If only it was a time-lapse GIF, too! 

That’s not all. There’s also a link showing how to look up the background of teaches in every state.

There’s a four-minute in-house audio segment in which the main reporter, Steve Reilly, explains the story to a colleague.

This approach is something the Miami Herald team used even more, offering readers both in-house videos and also downloaded clips of videos found elsewhere that illustrated the story they were trying to tell. They also assembled a nine-minute overview video which is still getting views and comments several months later, according to Vazquez. 

Along with a now-standard interactive (clickable) map grading states on their reporting practices (red is bad), there’s a gizmo that asks if you want to Tweet at the governor of a state (pretty cool if you’re trying to make things easy and direct and have your journalism make a difference).

[In terms of real-world impact, the story also seems to have had one. USA Today has done a couple of followups about how states and the national nonprofit in charge of tracking this data have responded. Read the complete USA Today investigation.]

In terms of being picked up by other media outlets, the USA Today story has done really well. Over the past few days, NPR, CBS This Morning, the LA Times, The Seventy Four have all picked up parts of the story and helped move it along

Click the above NPR segment to get a quick overview of the big USA Today story about how districts and states let rogue teachers relocate and teach again (How Teachers Accused of Misconduct Can Stay in Classrooms). Read this LA Times writeup of the investigation (Some teachers are getting fired in one state but hired in another), which provides additional information about. Or, read 3 Things Every Parent Must Know About USA Today’s Jaw-Dropping Teacher Discipline Investigation from The Seventy Four, which boils it all down. CBS This Morning also picked up the story:  Click here.

For all its strengths and successes, folks behind this USA Today story might have done some things to make it even better.

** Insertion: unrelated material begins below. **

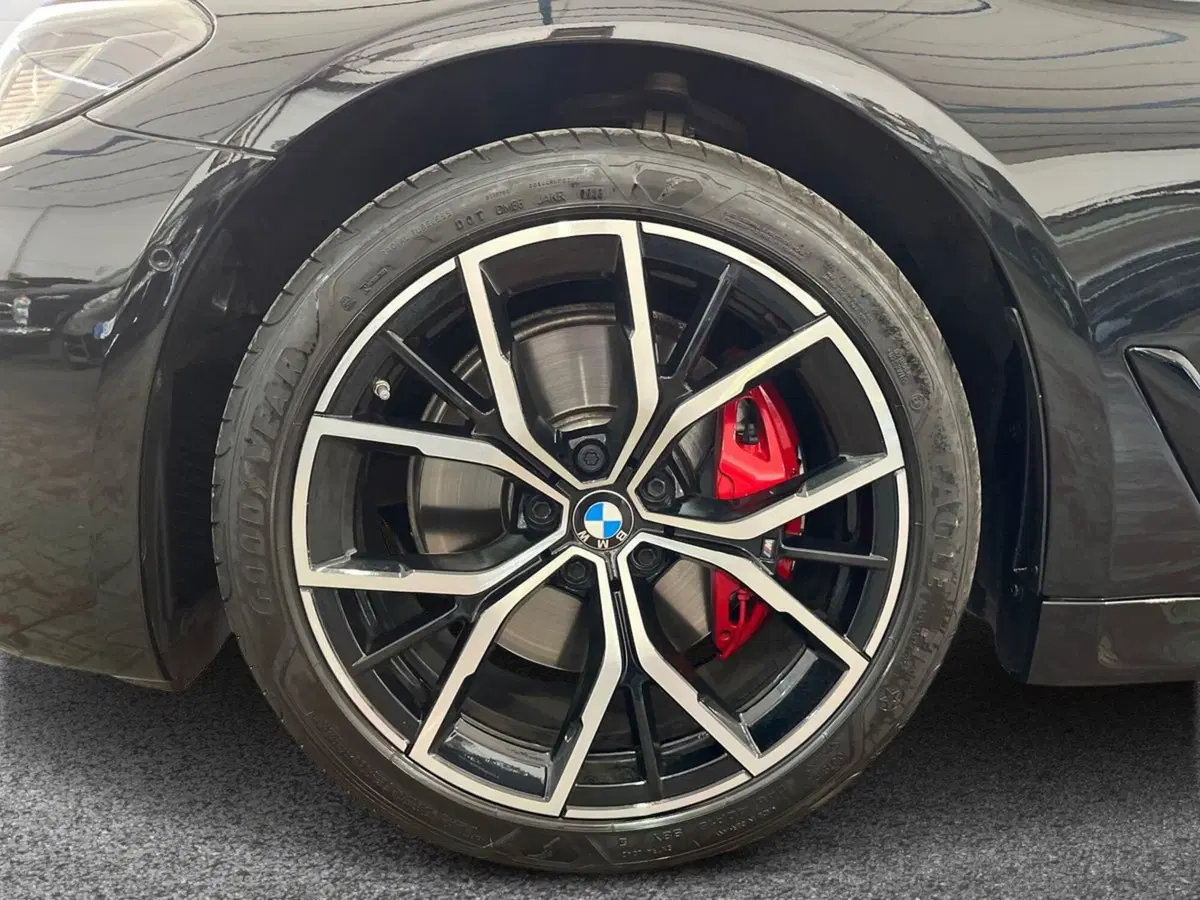 BMW Serie 5 Touring usata a Bari (16)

Paul Cheung, who directs AP’s digital news operation, noted the mug shots created some confusion in the reader’s mind — and weren’t clearly linked to other parts of the story. Making the mugshots clickable would be one way to connect the images to the stories, according to Cheung, but so would naming them or connecting them in other ways. “It felt like I don’t know who these people are until much later,” he said. “Who are they and am I going to be learning about them later?”

Then, after the mug shots, USA Today jumps into the story and gives the background to the series instead of telling the story of one of the teachers who’s image has been shown, or something more illustrative or conceptual rather than text.

One other way to go would have been to have begun with the story of Alexander Stormer, which is told later on through a series of maps and captions. Even better, according to Cheung, would have been to have used the animated video that USA Today built to illustrate the broken system. “Frankly, I might watch that and nothing else,” he said.

Cheung notes that USA Today has been doing digital storytelling for a while now, and that this effort is a solid if not amazing example. “I like the individual elements. The video explainer was really good. The journey of one teacher is good. It made me think ‘What is the journey like for the other teachers?’”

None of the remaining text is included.